■ Instructions for the task
Within the records below, find the line with "ranch-style home with" and the line with "A room with", then reproduce exactly those two lines and all lines between them, without any picture.

■ Record extracts
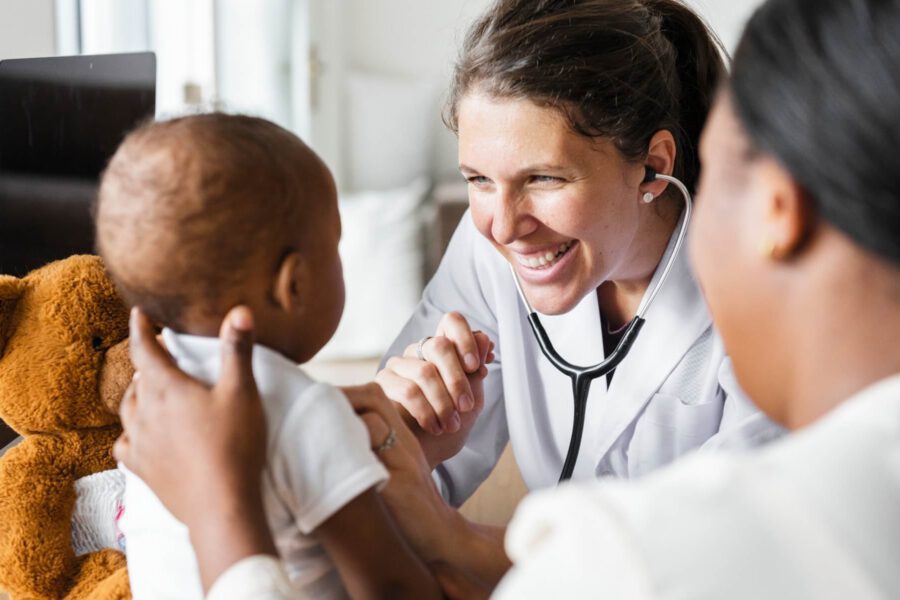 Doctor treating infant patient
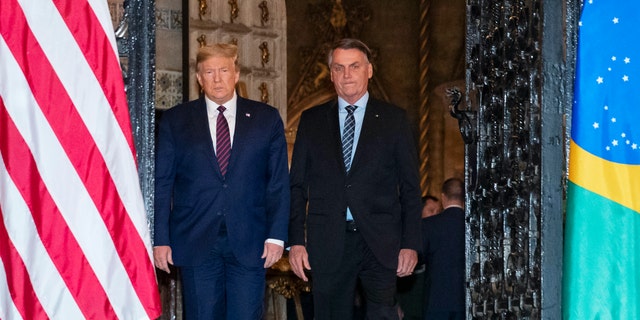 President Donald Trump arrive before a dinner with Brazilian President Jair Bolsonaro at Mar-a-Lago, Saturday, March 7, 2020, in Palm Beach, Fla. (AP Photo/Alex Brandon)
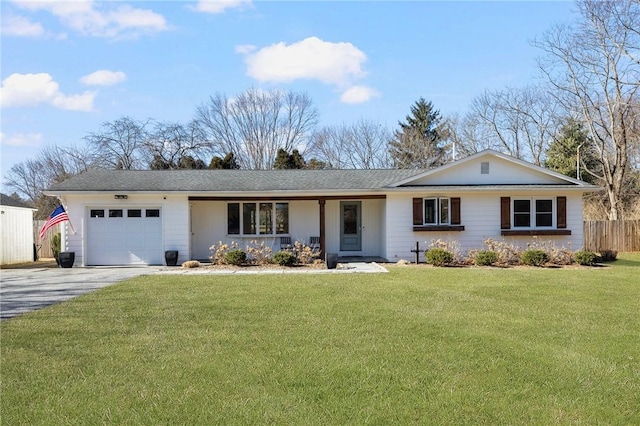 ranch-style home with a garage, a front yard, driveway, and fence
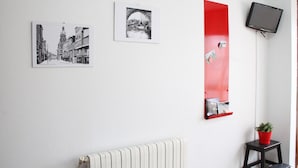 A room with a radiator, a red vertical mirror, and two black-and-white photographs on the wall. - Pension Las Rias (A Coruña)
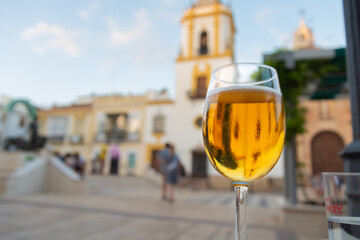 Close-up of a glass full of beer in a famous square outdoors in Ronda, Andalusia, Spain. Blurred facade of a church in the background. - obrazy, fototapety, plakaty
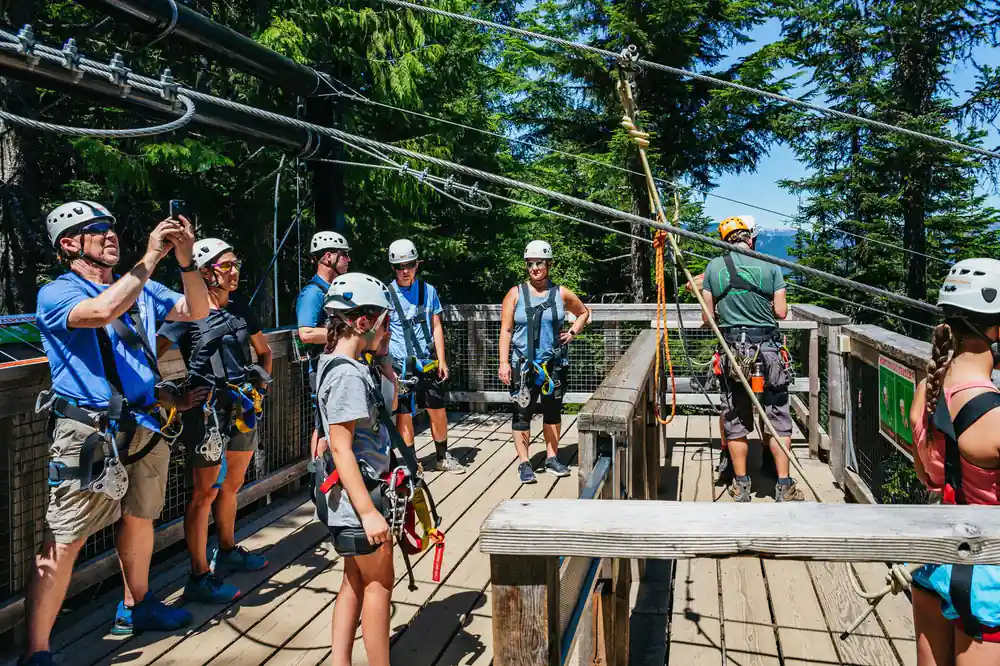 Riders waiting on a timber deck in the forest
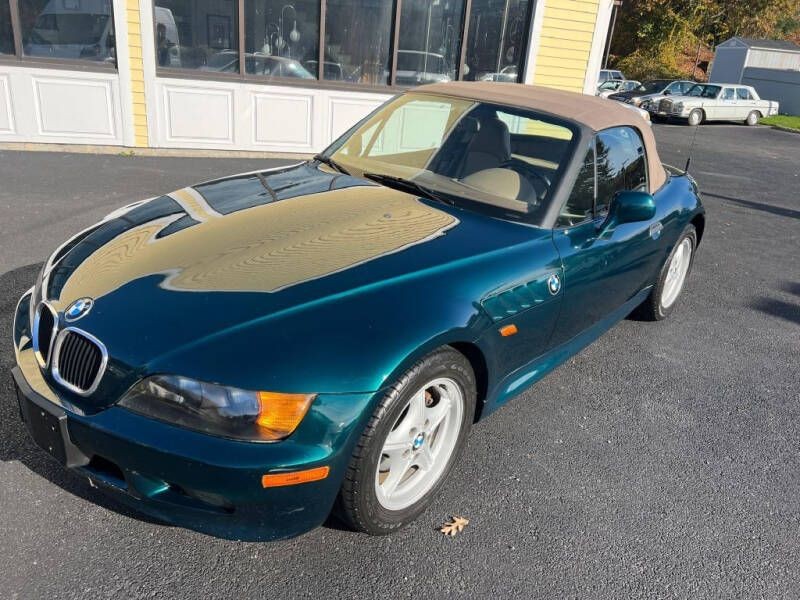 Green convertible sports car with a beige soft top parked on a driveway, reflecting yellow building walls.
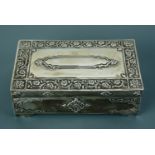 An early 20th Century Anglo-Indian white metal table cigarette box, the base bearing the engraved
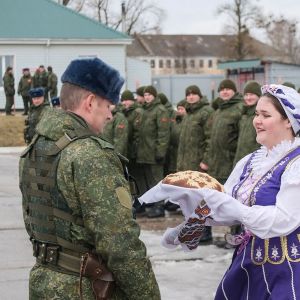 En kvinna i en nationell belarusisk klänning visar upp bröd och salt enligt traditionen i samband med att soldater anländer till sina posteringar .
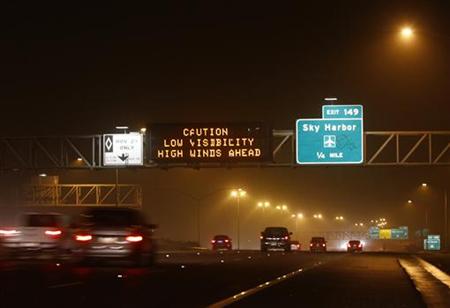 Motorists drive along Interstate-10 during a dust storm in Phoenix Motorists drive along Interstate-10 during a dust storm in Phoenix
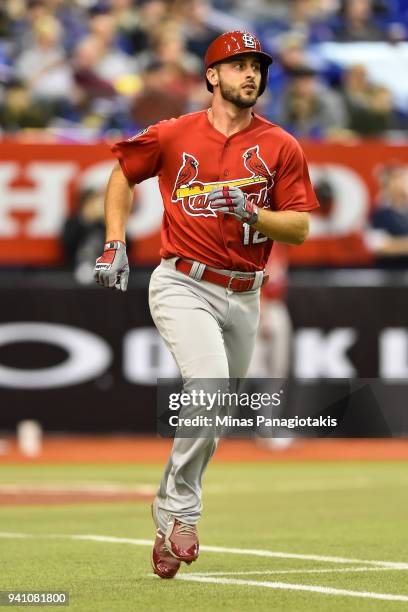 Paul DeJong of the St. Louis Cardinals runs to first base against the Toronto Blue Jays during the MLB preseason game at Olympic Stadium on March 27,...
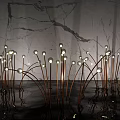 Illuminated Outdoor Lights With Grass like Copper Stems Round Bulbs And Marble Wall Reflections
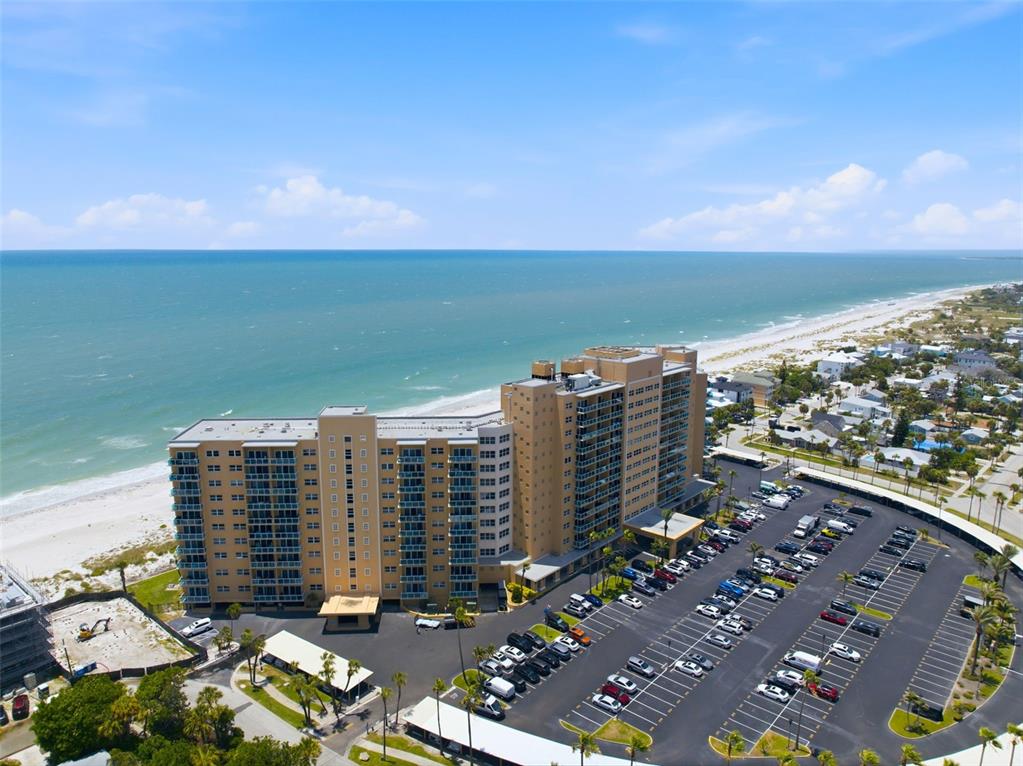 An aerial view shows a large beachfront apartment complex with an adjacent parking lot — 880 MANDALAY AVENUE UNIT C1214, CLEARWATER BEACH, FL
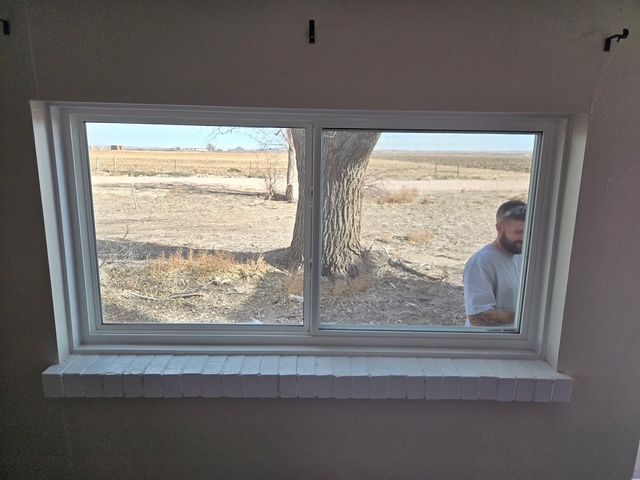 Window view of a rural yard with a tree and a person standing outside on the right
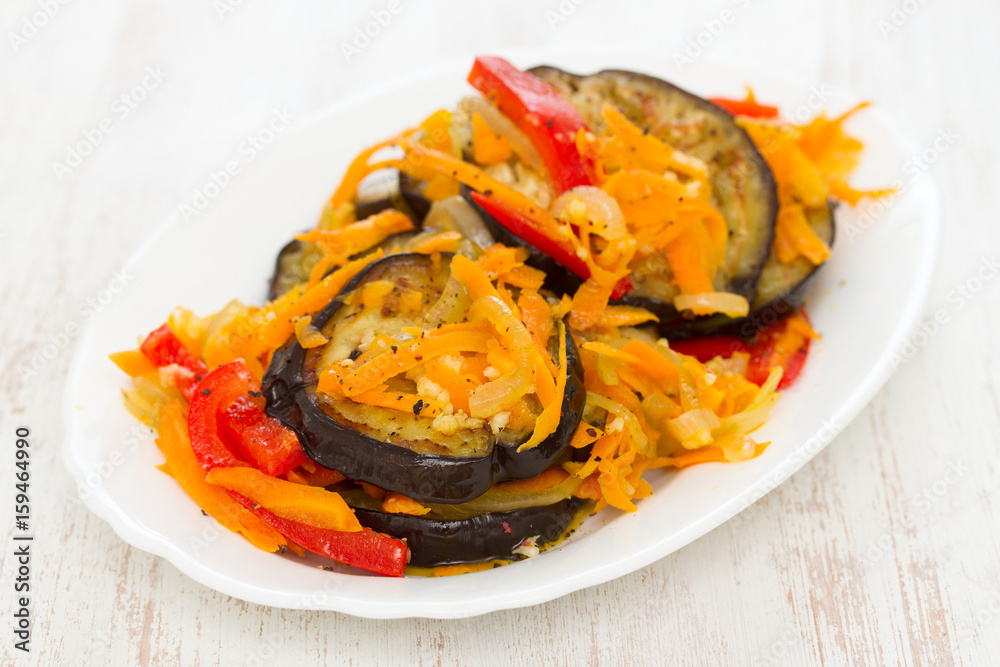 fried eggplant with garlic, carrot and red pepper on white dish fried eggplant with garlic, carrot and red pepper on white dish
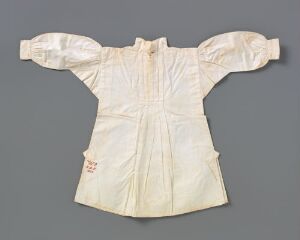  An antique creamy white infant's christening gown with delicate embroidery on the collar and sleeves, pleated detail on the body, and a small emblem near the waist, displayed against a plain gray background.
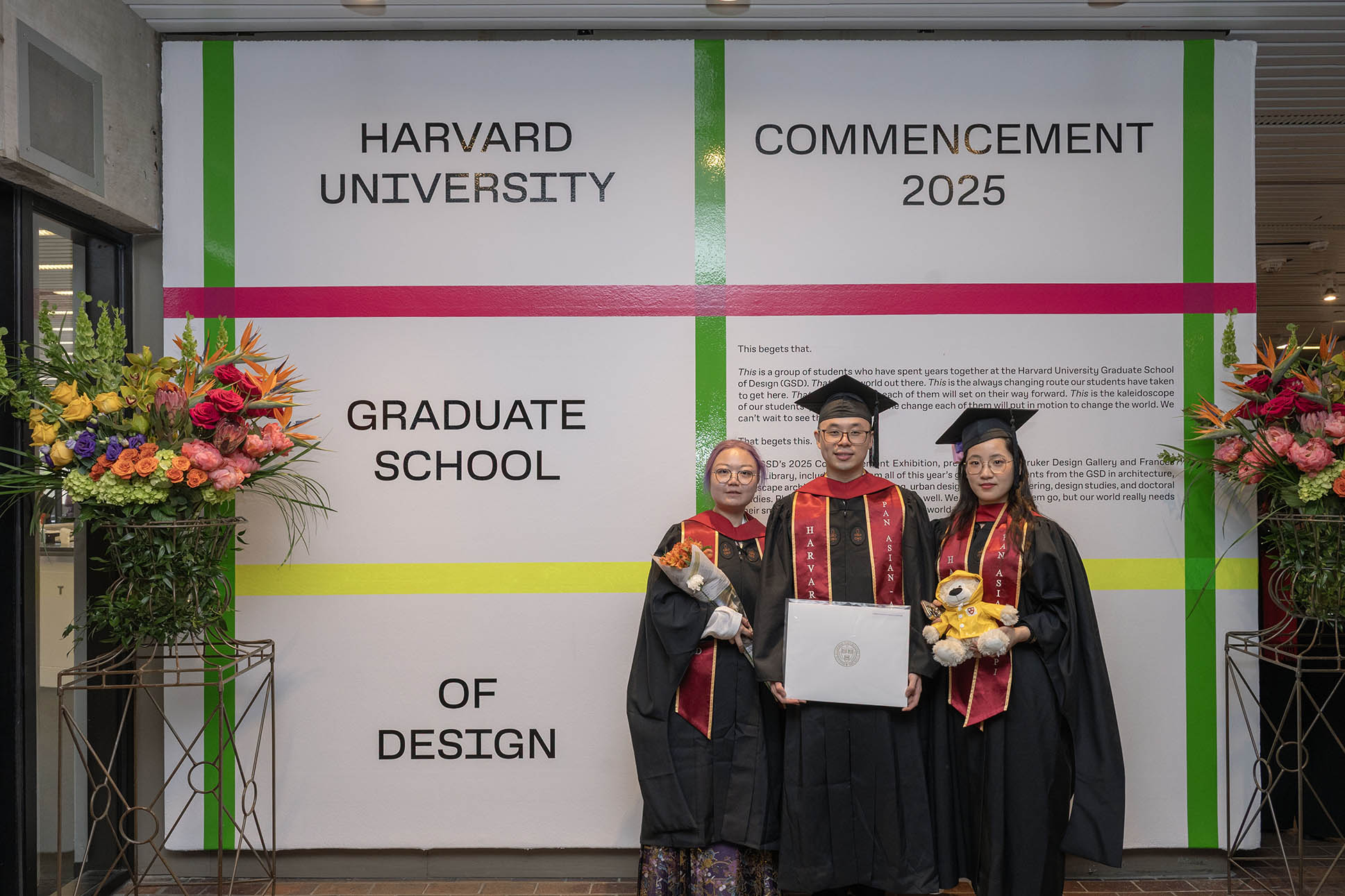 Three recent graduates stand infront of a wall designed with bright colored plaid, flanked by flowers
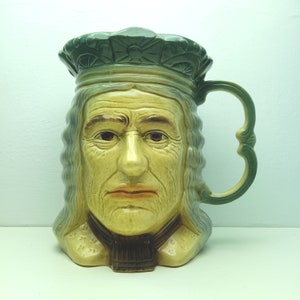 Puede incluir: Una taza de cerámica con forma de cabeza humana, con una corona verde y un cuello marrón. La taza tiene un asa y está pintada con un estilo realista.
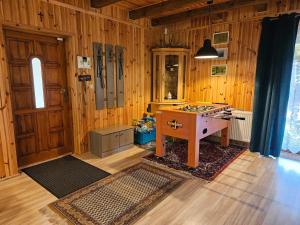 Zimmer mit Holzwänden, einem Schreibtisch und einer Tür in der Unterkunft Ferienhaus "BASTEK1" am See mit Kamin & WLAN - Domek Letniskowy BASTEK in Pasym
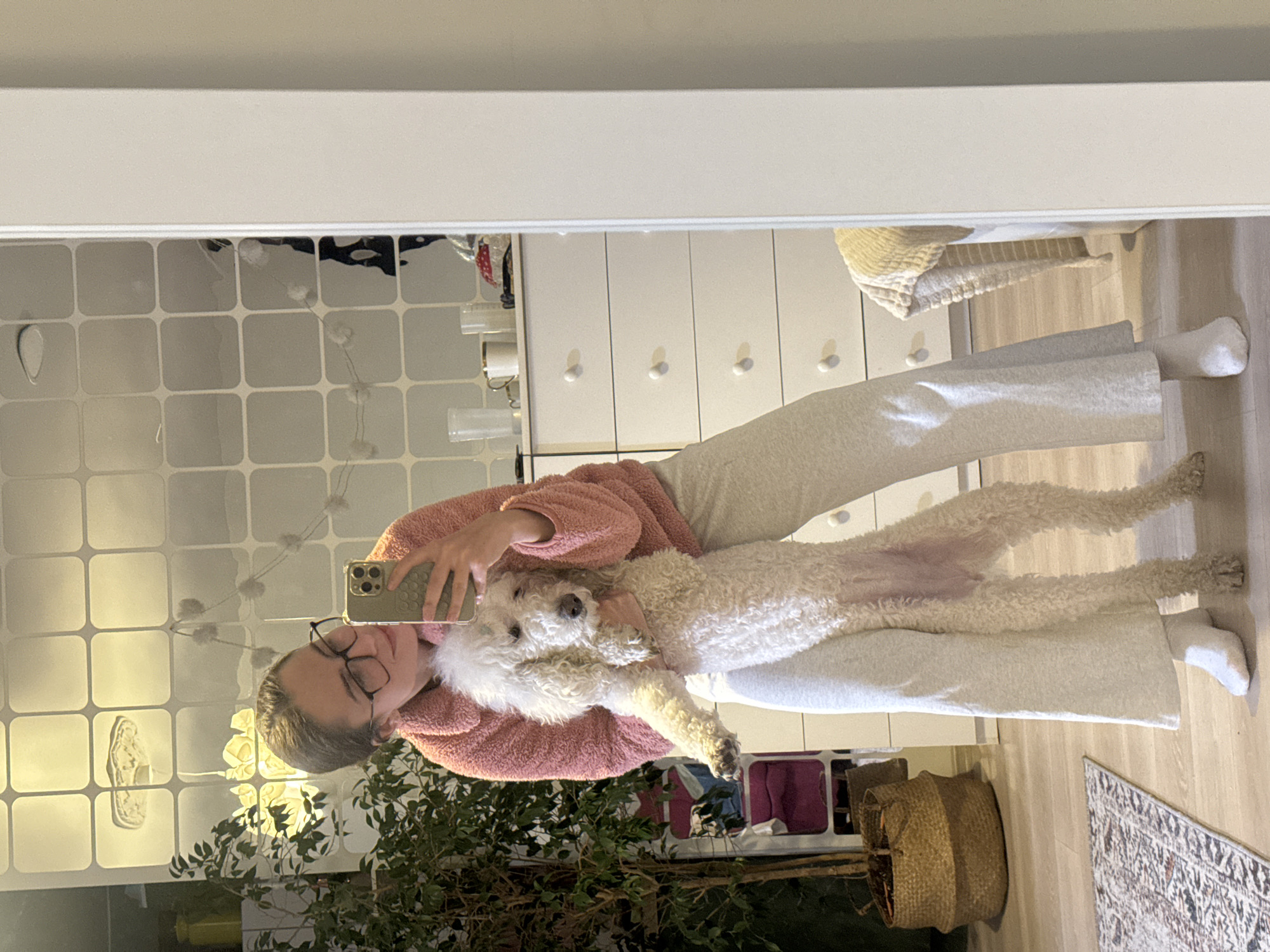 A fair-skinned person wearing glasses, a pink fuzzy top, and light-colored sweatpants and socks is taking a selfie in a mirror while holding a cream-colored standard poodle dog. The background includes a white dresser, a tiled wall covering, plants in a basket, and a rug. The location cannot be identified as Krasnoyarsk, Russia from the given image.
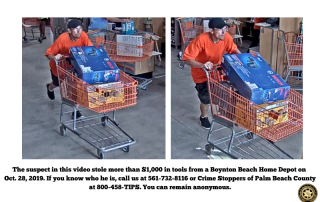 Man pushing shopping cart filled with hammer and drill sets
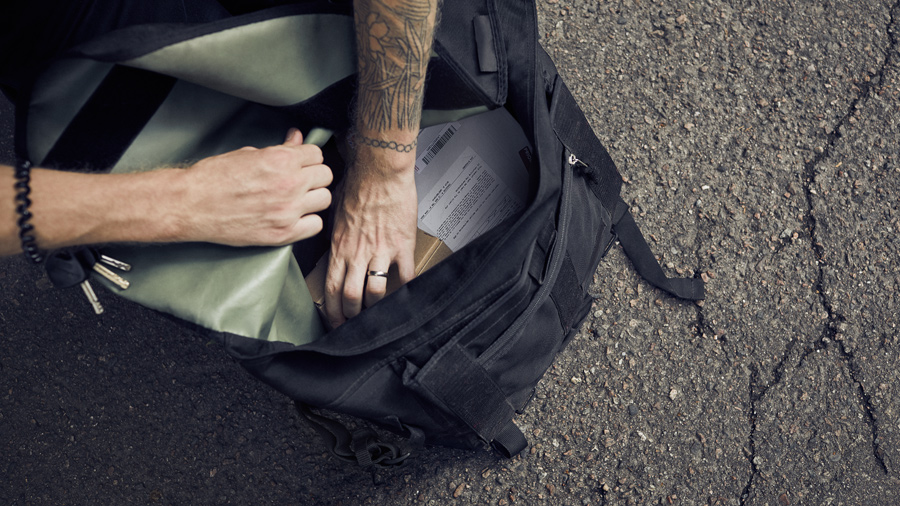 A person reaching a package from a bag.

■ Completed exercise
 ranch-style home with a garage, a front yard, driveway, and fence
 A room with a radiator, a red vertical mirror, and two black-and-white photographs on the wall. - Pension Las Rias (A Coruña)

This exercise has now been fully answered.